━━ Supplied information ━━

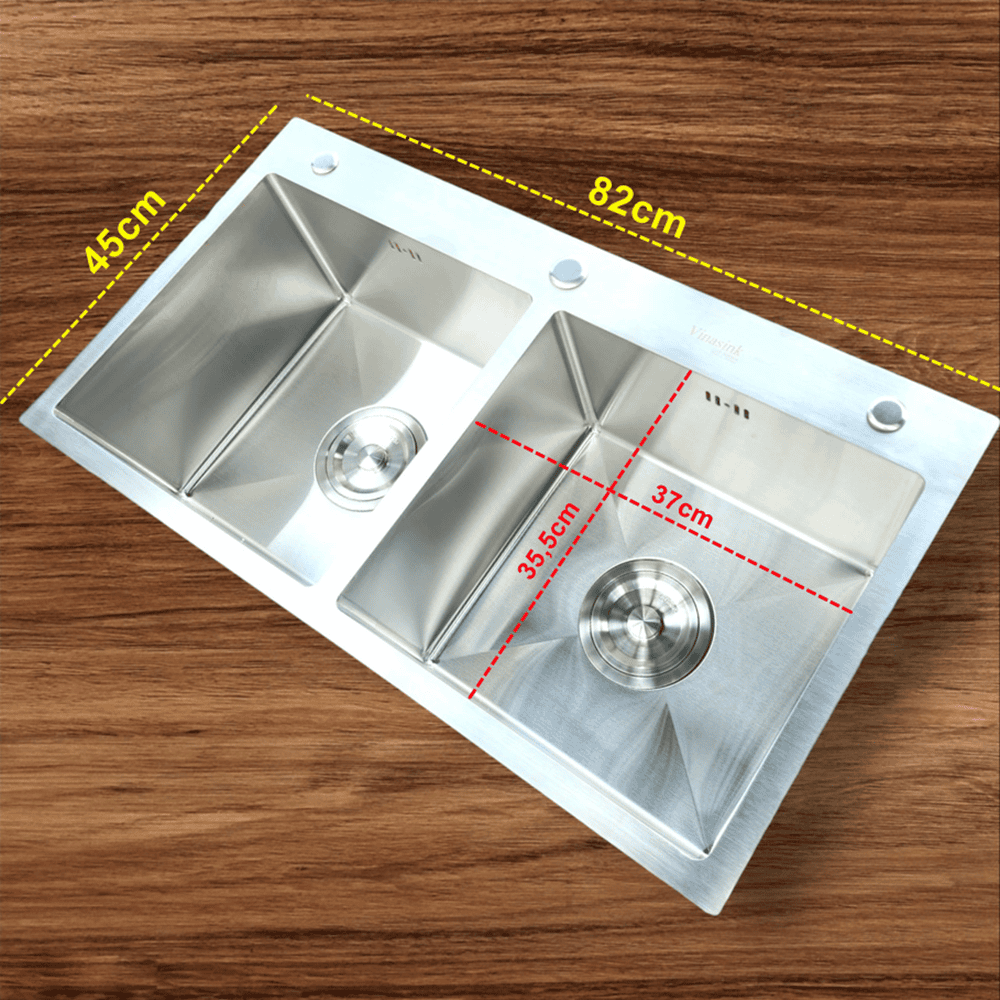 Chậu rửa bát Vinasink 2H8245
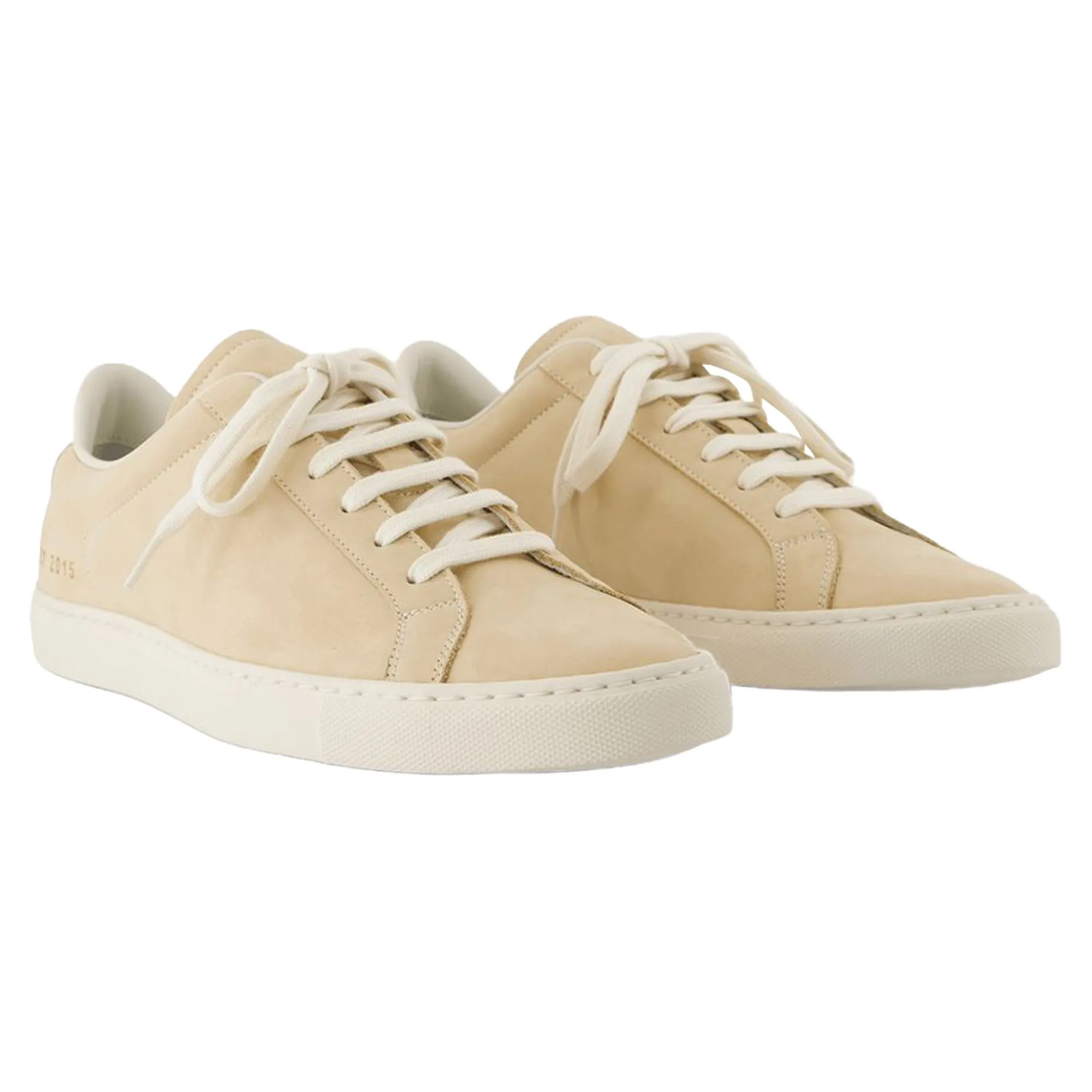 Retro Nubuck Sneakers - COMMON PROJECTS - Leather - Pink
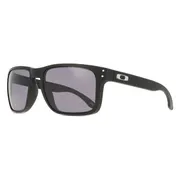 Oakley OO9417 HOLBROOK XL 941722, Black frame, Prizm™ Grey lenses, view 2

━━━

I'd like the material duplicated exactly, without its pictures.

# Written response
 Chậu rửa bát Vinasink 2H8245
 Retro Nubuck Sneakers - COMMON PROJECTS - Leather - Pink
 Oakley OO9417 HOLBROOK XL 941722, Black frame, Prizm™ Grey lenses, view 2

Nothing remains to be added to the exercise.